Em primeiro lugar é importante esclarecer que existe mais de uma pesquisa sobre emprego e desemprego no Brasil. Nós estamos tomando por referência os dados da Pesquisa Nacional por Amostra de Domicílios Contínua Trimestral – PNADC/T. A partir do último trimestre de 2015, a PNADC/T passou a diferenciar os formalmente ocupados dos ocupados informais. Essa é a razão de tomarmos 2015 como nosso ponto de partida.

Quadro 1: Evolução do Mercado de Trabalho entre 2015 e 2024

VariáveisPIAFora Forç TrabMercado TrabDesempregadosPop Ocupada
NúmTaxTotalInformalFormal
20154 trim161.67960.092101.5889.2229,08%92.36635.36157.005
20242 trim176.08166.709109.3717.5416,89%101.83039.32462.506
Var. 2015-24Abs.14.4026.6177.783-1.681-2,19%9.4643.9635.501
%8,91%11,01%7,66%-18,23%-24,12%10,25%11,21%9,65%
FDB: PNADC/T

Na primeira coluna com dados numéricos, nós temos a informação da População em Idade Ativa (PIA), vale dizer, do conjunto das pessoas com 14 anos ou mais. Na terceira linha desta coluna (como nas demais) temos a variação absoluta entre os dois períodos; e, logo abaixo, a variação percentual. Entre 2015 e 2024 a PIA cresceu em 8,91%.
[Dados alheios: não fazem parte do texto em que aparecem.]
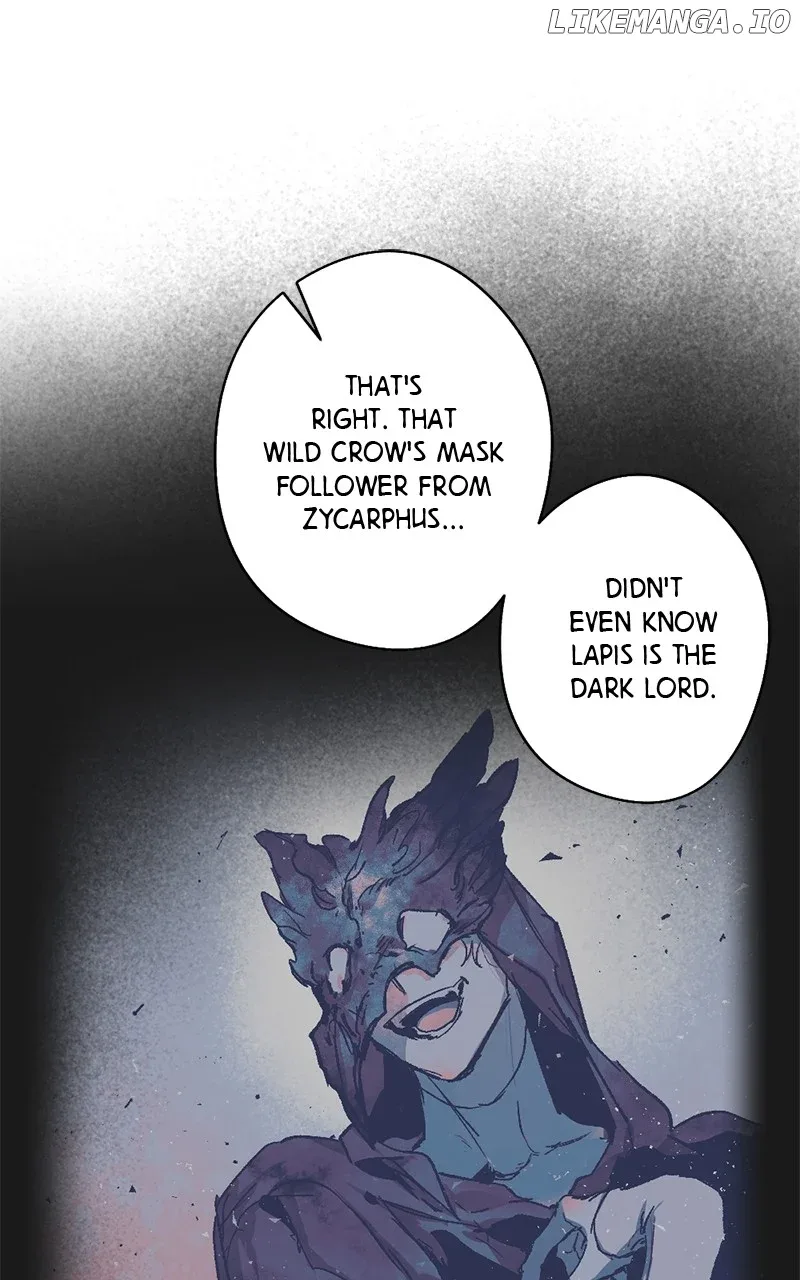 The Demon King’s Confession Chapter 82 page 90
Na coluna ao lado temos o número de pessoas que, apesar de estarem em Idade Ativa, não estão no mercado de trabalho. Essas pessoas não estão, nem empregadas, nem desempregadas: elas simplesmente não estão em busca de trabalho. Em termos absolutos o crescimento desse segmento é menor do que a PIA, mas em termos relativos (percentuais) é mais elevado: o grupo de pessoas fora do mercado de trabalho cresceu 11,01%. Essa evolução é indissociável do crescimento da cobertura dos benefícios sociais, em especial (mas não só) do Bolsa Família. E o seu desdobramento é, ao retirar pessoas do mercado, deprimir a taxa de desemprego.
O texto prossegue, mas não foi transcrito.